*Work request*
In the entries below, begin at the line with "NIGO LOUIS VUITTON" and stop after the line with "Big Grass Guy Tee — Left Chest Crest"; output those lines exactly and omit the pictures.

*Data supplied*
--- START ---

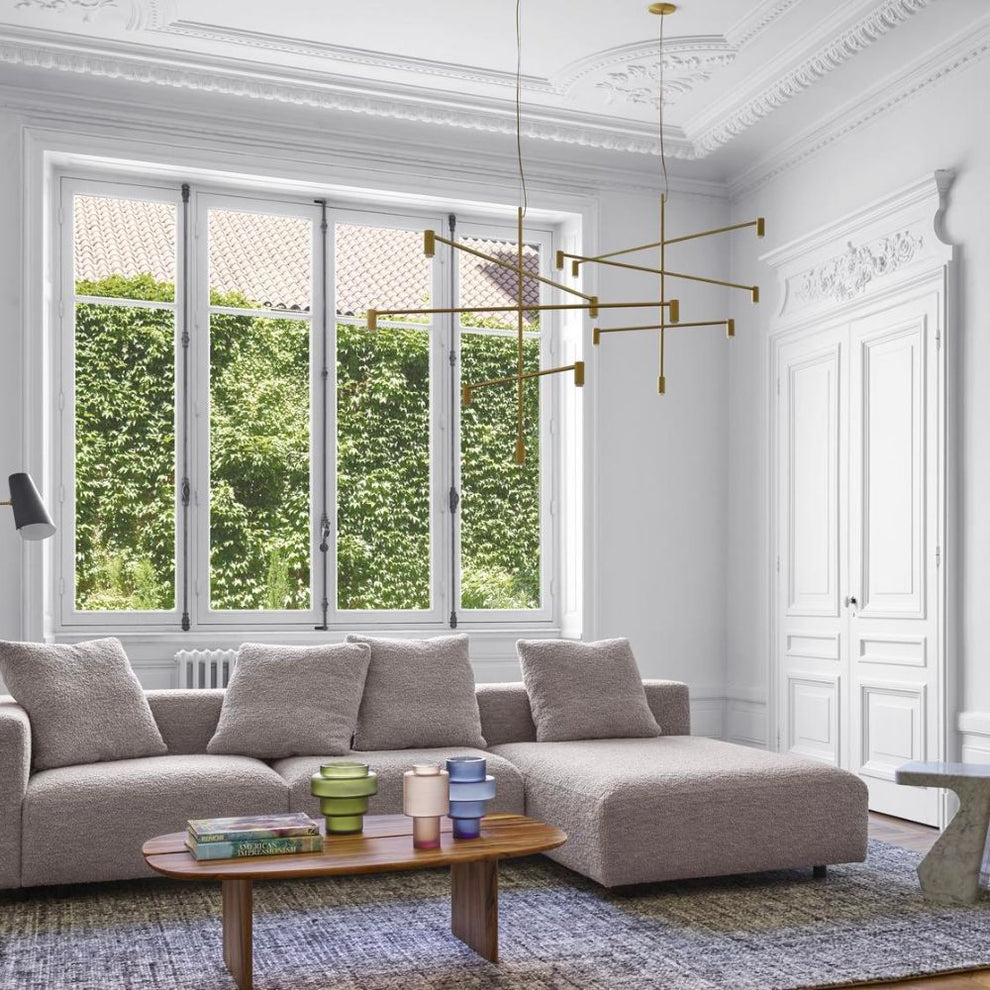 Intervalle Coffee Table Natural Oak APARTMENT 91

--- END ---
--- START ---

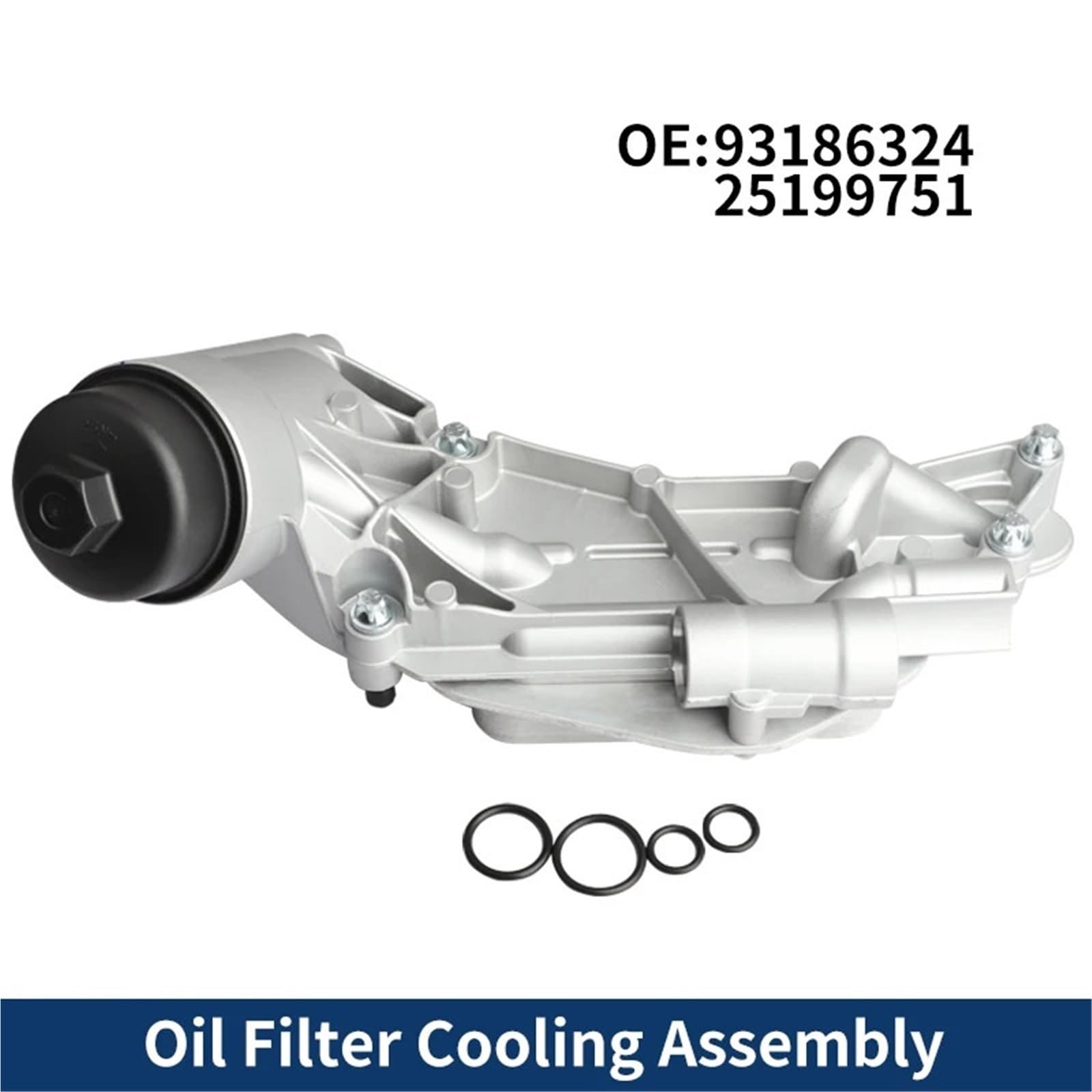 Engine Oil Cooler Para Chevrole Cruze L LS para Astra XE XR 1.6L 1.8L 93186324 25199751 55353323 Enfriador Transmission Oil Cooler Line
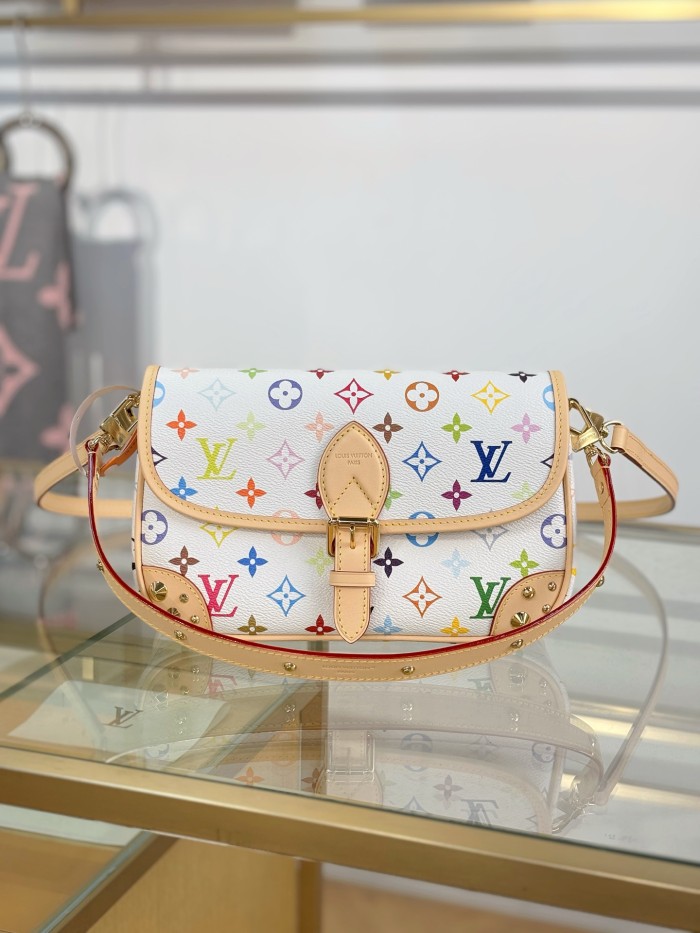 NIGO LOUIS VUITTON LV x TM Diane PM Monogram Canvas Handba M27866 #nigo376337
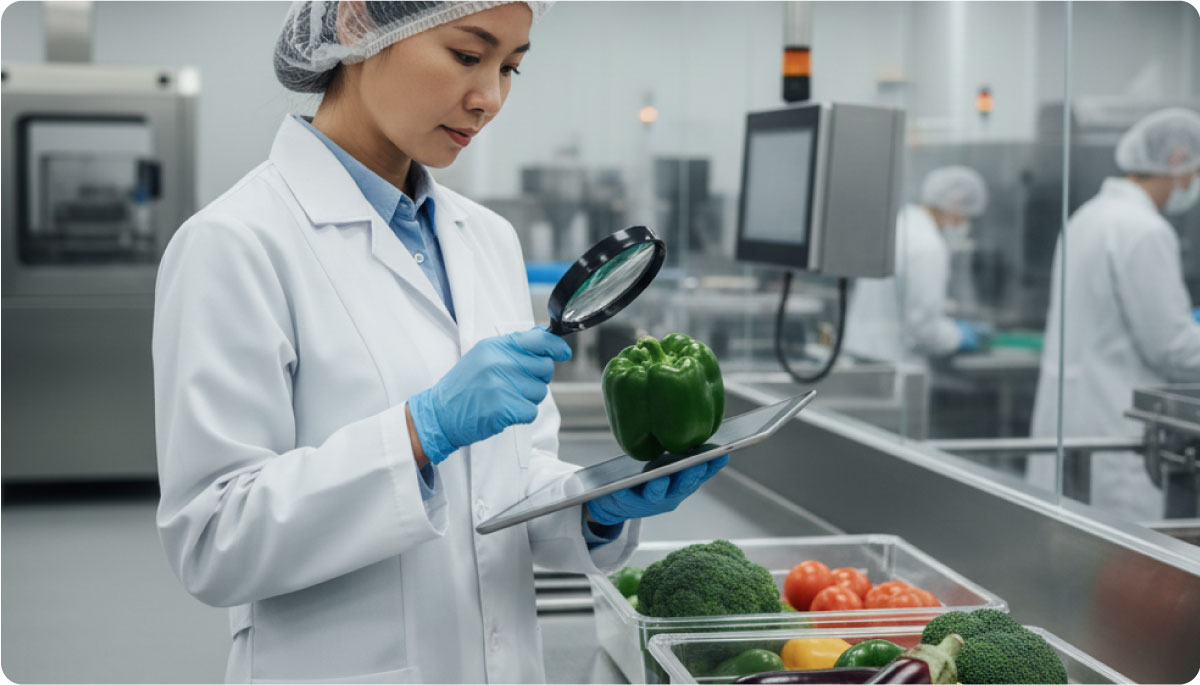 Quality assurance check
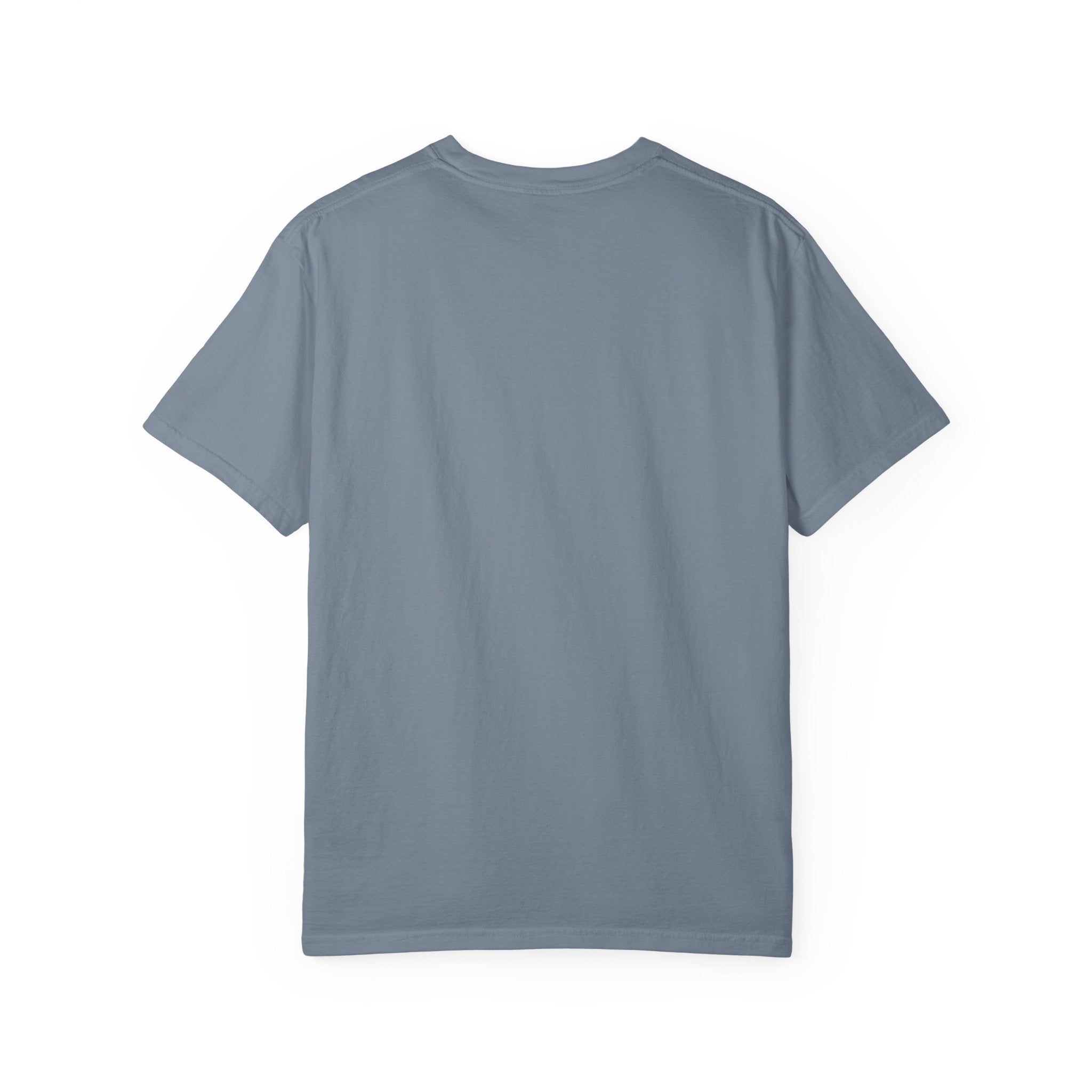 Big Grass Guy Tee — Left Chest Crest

--- END ---

*Written solution*
 NIGO LOUIS VUITTON LV x TM Diane PM Monogram Canvas Handba M27866 #nigo376337
 Quality assurance check
 Big Grass Guy Tee — Left Chest Crest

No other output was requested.